• AVAILABLE RECORDS:

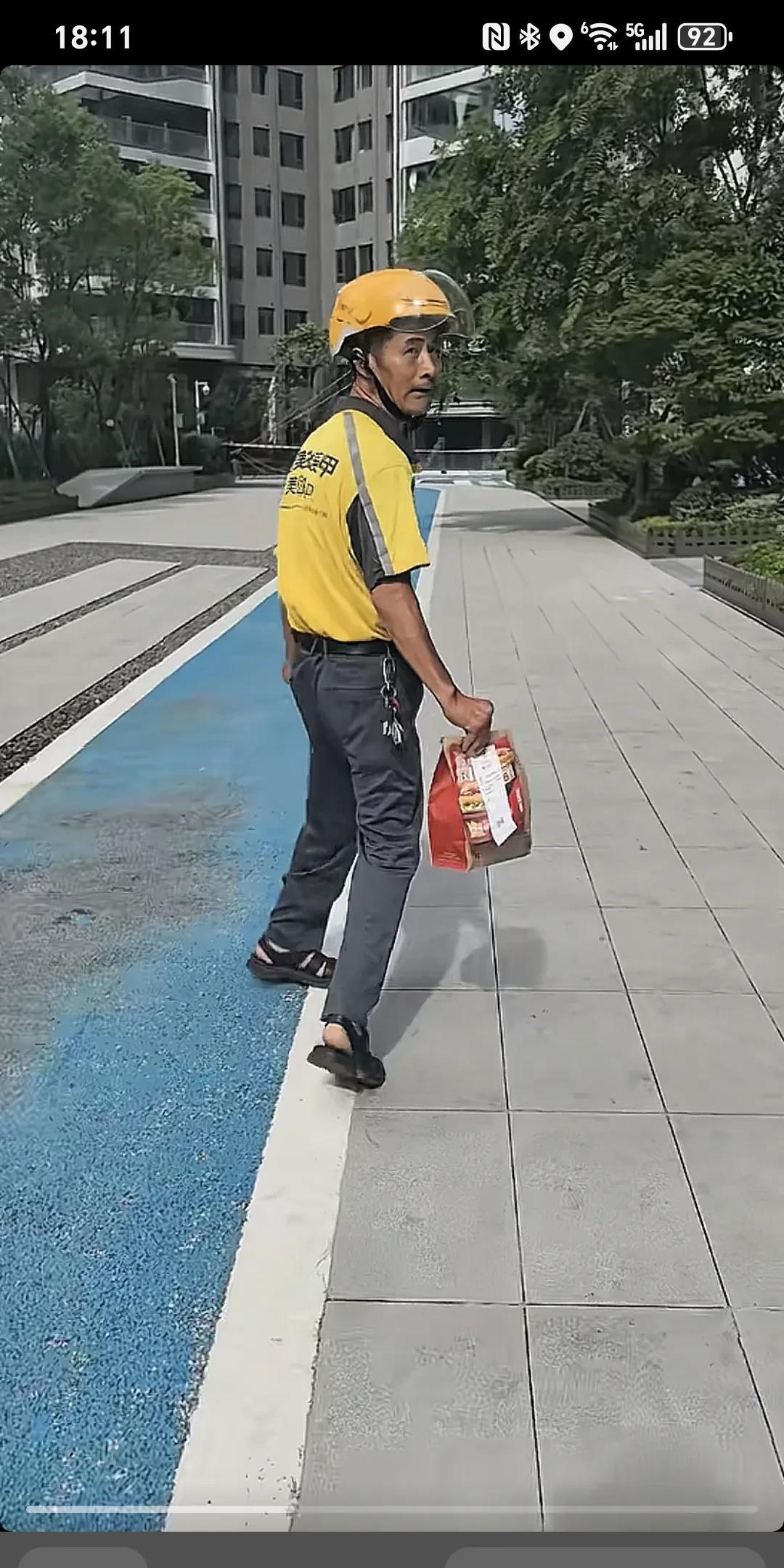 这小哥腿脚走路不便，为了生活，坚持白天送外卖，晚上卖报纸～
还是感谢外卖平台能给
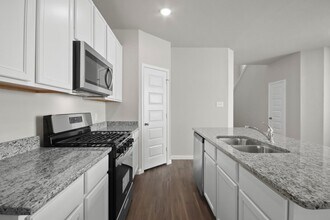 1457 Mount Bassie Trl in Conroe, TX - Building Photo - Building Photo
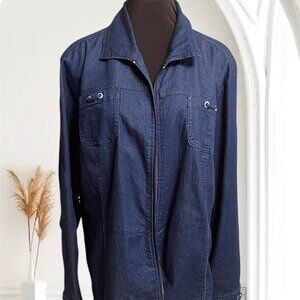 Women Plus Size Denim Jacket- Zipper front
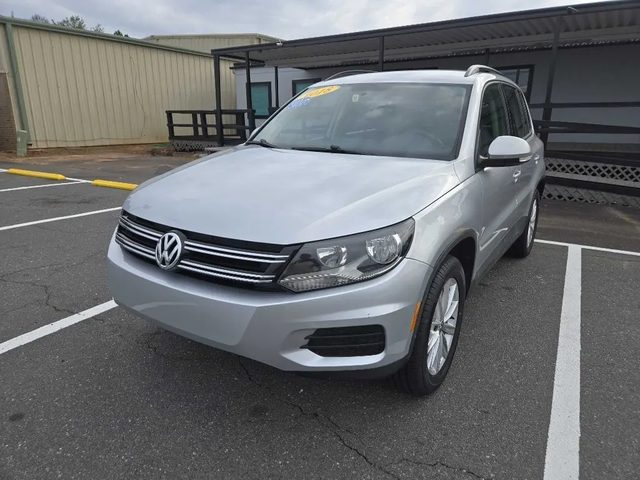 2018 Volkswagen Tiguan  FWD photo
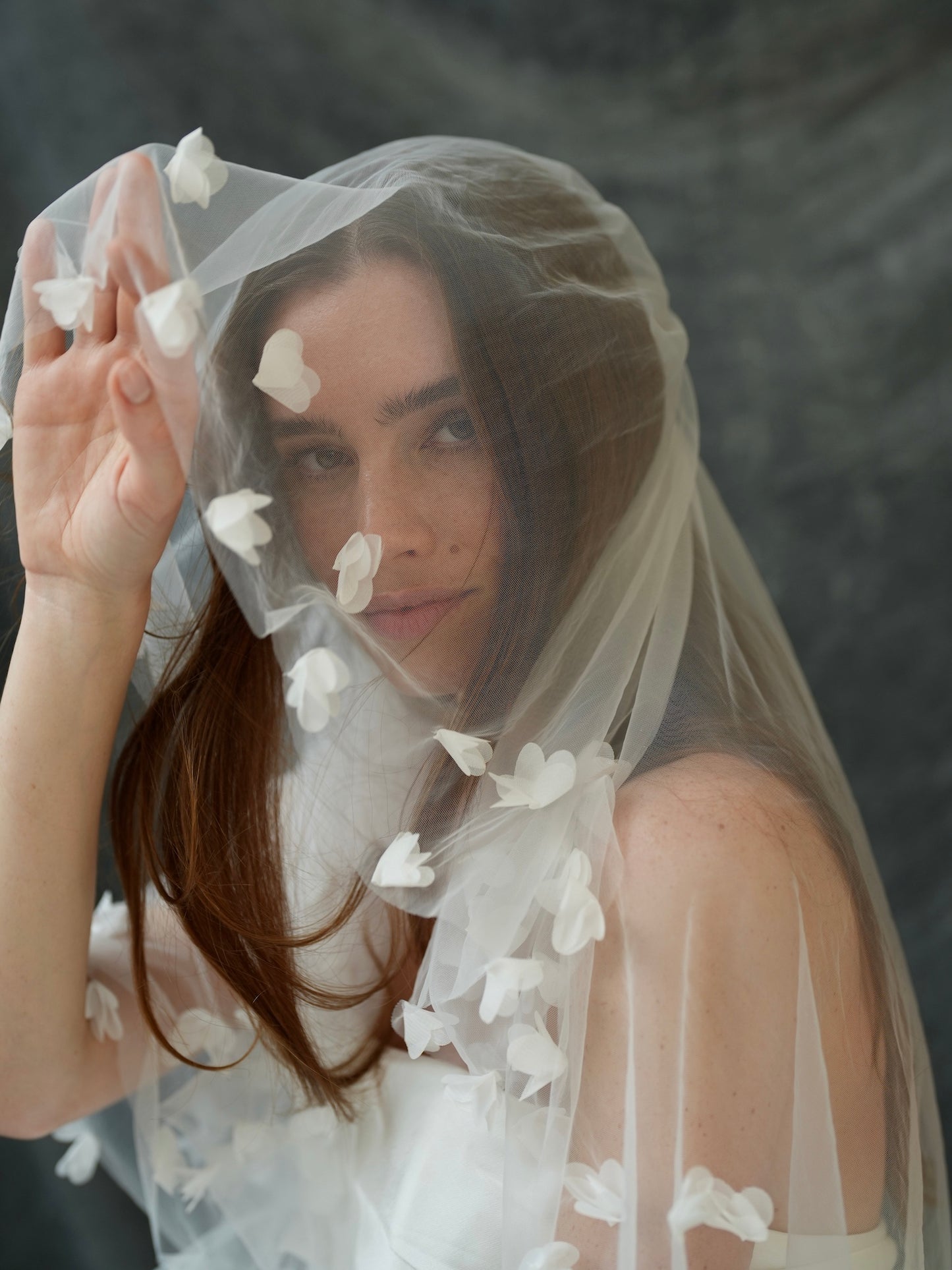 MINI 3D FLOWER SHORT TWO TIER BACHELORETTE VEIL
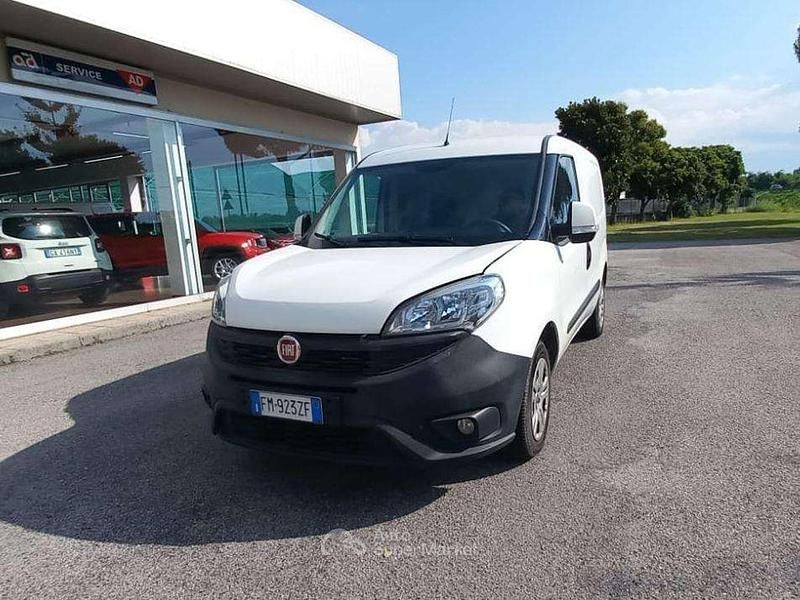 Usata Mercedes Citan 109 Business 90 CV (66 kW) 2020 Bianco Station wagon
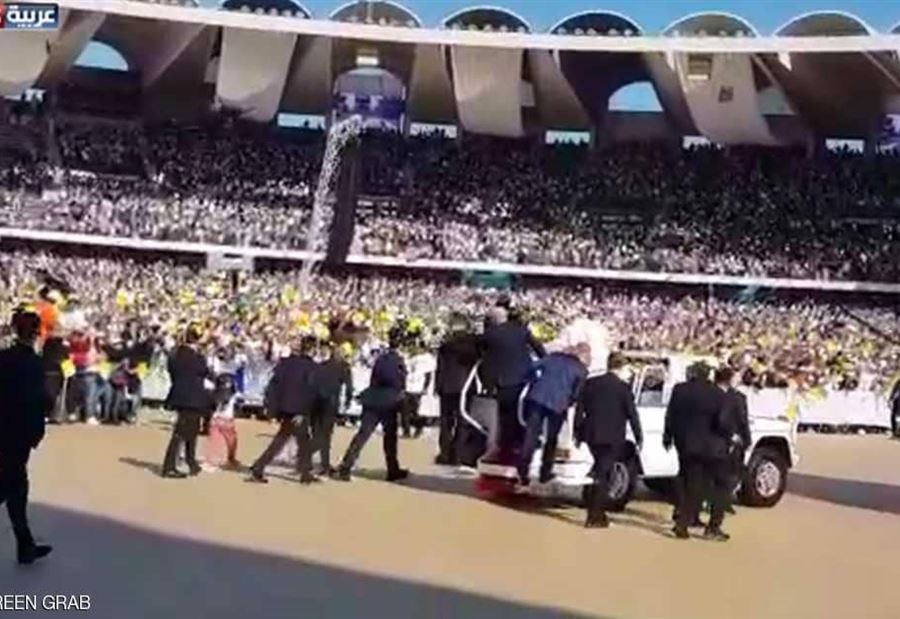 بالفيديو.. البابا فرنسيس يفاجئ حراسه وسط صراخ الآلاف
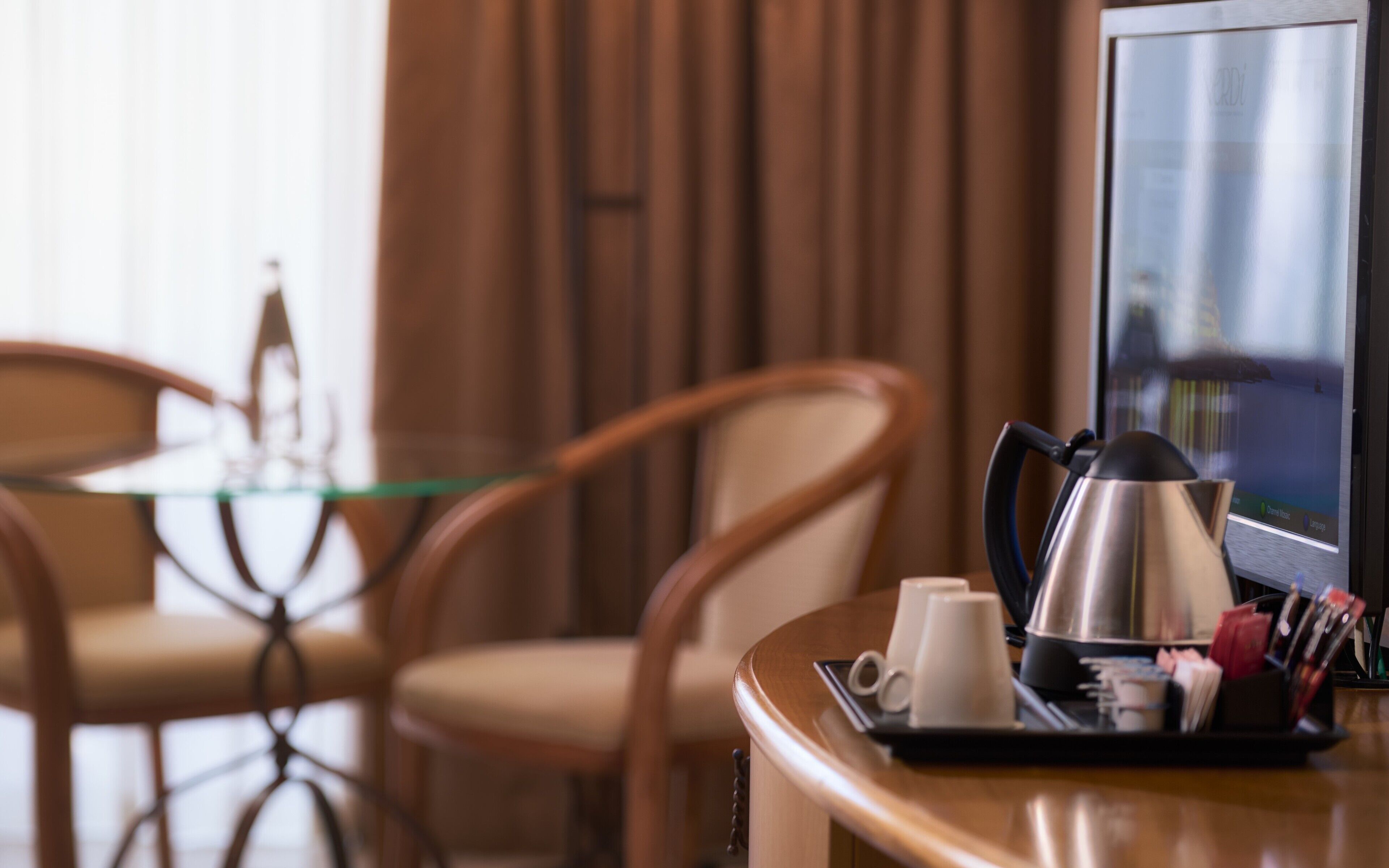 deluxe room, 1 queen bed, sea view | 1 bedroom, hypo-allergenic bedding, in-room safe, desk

• YOUR TASK: Output the listing unchanged, pictures excluded.

• ANSWER TO THE EXERCISE:
 这小哥腿脚走路不便，为了生活，坚持白天送外卖，晚上卖报纸～
还是感谢外卖平台能给
 1457 Mount Bassie Trl in Conroe, TX - Building Photo - Building Photo
 Women Plus Size Denim Jacket- Zipper front
 2018 Volkswagen Tiguan  FWD photo
 MINI 3D FLOWER SHORT TWO TIER BACHELORETTE VEIL
 Usata Mercedes Citan 109 Business 90 CV (66 kW) 2020 Bianco Station wagon
 بالفيديو.. البابا فرنسيس يفاجئ حراسه وسط صراخ الآلاف
 deluxe room, 1 queen bed, sea view | 1 bedroom, hypo-allergenic bedding, in-room safe, desk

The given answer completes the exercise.